As presented in the above figure, the scaling curve of FISHER is constantly above the curves of all baseline models. This demonstrates the superiority of the pre-training scheme of FISHER for signal representation.

 It is worthy to note that directly scaling up in pre-training has encountered bottlenecks. For all baselines, the performance grows steadily as the model size scales from tiny to base (around 100M), yet unexpectedly drops as the scaling continues, which seems to contradict the scaling law. We believe that this is due to the poor quality of signal data for pre-training large-scale models. Industrial signals are sometimes extremely stationary and invariant. Such data are only sufficient for training models of limited scale, and the inflection point is probably situated around 100M.

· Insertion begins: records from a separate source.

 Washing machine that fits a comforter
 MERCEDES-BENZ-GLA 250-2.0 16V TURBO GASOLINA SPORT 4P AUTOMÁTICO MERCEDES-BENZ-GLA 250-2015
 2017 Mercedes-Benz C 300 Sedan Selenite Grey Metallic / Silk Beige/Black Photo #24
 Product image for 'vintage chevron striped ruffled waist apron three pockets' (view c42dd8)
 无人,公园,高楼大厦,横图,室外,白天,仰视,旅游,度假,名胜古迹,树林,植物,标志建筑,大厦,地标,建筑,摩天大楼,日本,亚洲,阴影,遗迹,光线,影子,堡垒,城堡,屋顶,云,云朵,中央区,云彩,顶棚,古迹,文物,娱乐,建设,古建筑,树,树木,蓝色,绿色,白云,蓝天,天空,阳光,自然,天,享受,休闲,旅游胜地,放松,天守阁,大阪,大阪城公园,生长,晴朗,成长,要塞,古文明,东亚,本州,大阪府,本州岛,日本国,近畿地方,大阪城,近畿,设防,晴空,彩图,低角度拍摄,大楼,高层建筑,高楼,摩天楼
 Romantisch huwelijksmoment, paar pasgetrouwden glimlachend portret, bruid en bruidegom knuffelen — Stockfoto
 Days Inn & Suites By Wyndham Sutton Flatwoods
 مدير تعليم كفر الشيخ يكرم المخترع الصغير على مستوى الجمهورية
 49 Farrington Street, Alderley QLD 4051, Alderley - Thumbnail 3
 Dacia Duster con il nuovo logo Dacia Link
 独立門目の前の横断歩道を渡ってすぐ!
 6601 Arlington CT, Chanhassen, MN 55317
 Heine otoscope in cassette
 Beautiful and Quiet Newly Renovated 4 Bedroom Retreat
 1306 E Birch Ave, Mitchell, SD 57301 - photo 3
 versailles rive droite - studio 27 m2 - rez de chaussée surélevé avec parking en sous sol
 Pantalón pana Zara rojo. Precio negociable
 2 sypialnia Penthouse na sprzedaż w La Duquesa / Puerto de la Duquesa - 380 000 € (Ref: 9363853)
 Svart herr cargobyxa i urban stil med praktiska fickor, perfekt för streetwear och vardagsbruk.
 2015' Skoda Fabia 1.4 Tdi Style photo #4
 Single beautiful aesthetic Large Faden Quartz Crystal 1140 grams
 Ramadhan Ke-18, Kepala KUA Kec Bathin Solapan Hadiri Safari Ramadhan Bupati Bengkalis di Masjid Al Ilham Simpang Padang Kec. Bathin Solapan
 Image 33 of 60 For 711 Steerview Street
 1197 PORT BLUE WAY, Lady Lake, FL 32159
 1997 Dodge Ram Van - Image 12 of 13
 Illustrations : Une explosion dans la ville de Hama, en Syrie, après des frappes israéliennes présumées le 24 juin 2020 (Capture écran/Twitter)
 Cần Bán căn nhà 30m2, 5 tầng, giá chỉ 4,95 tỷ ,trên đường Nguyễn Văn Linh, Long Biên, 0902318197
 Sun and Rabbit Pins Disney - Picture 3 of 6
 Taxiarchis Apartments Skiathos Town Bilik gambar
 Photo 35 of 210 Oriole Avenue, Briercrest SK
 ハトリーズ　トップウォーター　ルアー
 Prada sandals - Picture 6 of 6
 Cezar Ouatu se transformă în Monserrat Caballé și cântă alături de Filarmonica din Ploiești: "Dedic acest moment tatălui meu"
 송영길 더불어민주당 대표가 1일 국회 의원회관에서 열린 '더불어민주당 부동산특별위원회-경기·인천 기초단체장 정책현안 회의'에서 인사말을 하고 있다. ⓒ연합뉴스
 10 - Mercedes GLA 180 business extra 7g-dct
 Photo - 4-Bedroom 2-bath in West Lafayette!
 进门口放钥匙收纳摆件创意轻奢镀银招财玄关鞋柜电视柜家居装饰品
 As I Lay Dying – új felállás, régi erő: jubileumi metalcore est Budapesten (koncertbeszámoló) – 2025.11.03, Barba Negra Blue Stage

 Therefore, greater emphasis should be accorded to data preparation when scaling up the model, and it is necessary to carry out data cleaning on a broader scale and with finer granularity. Moreover, given the success of FISHER, Test-Time Scaling (TTS) is considered a potential breakthrough point for health management tasks.

 

Multiple Split Ratios

图片1(12).png

In the RMIS benchmark, 12 out of 13 fault diagnosis datasets do not provide official split. For these datasets, the research team plots the performance curve under variable split ratios ranging from 0.05 to 0.95, and then estimates the area under the multi-split curve based on the trapezoidal rule. As presented in the above table, FISHER still holds significant advantages under multiple split ratios, achieving the largest area under the multi-split curve.